We hypothesized that mechanical forces inflicted by other cells, changes in cellular adhesion and/or decrease in local confluence may be affecting adipocytes before and during cell cluster formation and contribute to the loss of mCitrine-PPARG expression, either directly or indirectly. In order to test this hypothesis, we replated differentiated mCitrine-PPARG OP9 cells at subconfluence and simultaneously subjected them to TGF-β stimulation. As expected, TGF-β caused a significant downregulation of mCitrine in adipocytes compared to control adipocytes which had only been replated but not treated with TGF-β (Fig. 4a). Similarly, we observed downregulation of adipocyte marker expression in Adipoq:Cre mT/mG adipocytes treated with TGF-β when they were replated at subconfluence at the end of differentiation (Fig. 4b,c), in stark contrast to our earlier observations of non-replated primary adipocytes treated with TGF-β (Fig. 1). Altogether, this set of experiments suggested that adipocytes are not permanently locked in their high-PPARγ state but TGF-β stimulation by itself is insufficient to cause adipocyte plasticity.

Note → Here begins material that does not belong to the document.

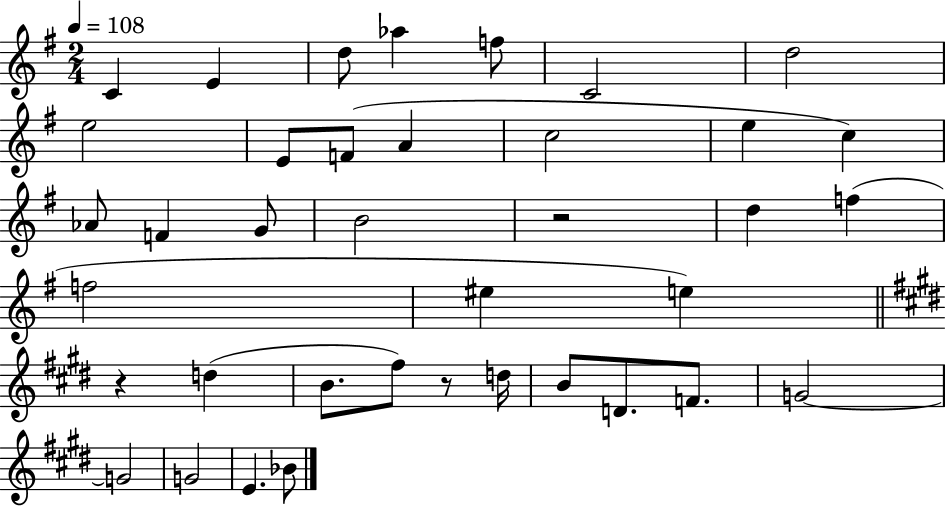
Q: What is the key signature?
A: G major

TGF-β signaling is inhibited in adipocytes
TGF-β mediates its biological effects through the cell membrane TGF-β receptor. Once activated by the binding of the TGF-β cytokine, the receptor phosphorylates the effector protein SMAD2 or SMAD3 (SMAD2/3). Activated SMAD2/3, together with SMAD4, translocate to cell nucleus to stimulate TGF-β-dependent transcription19.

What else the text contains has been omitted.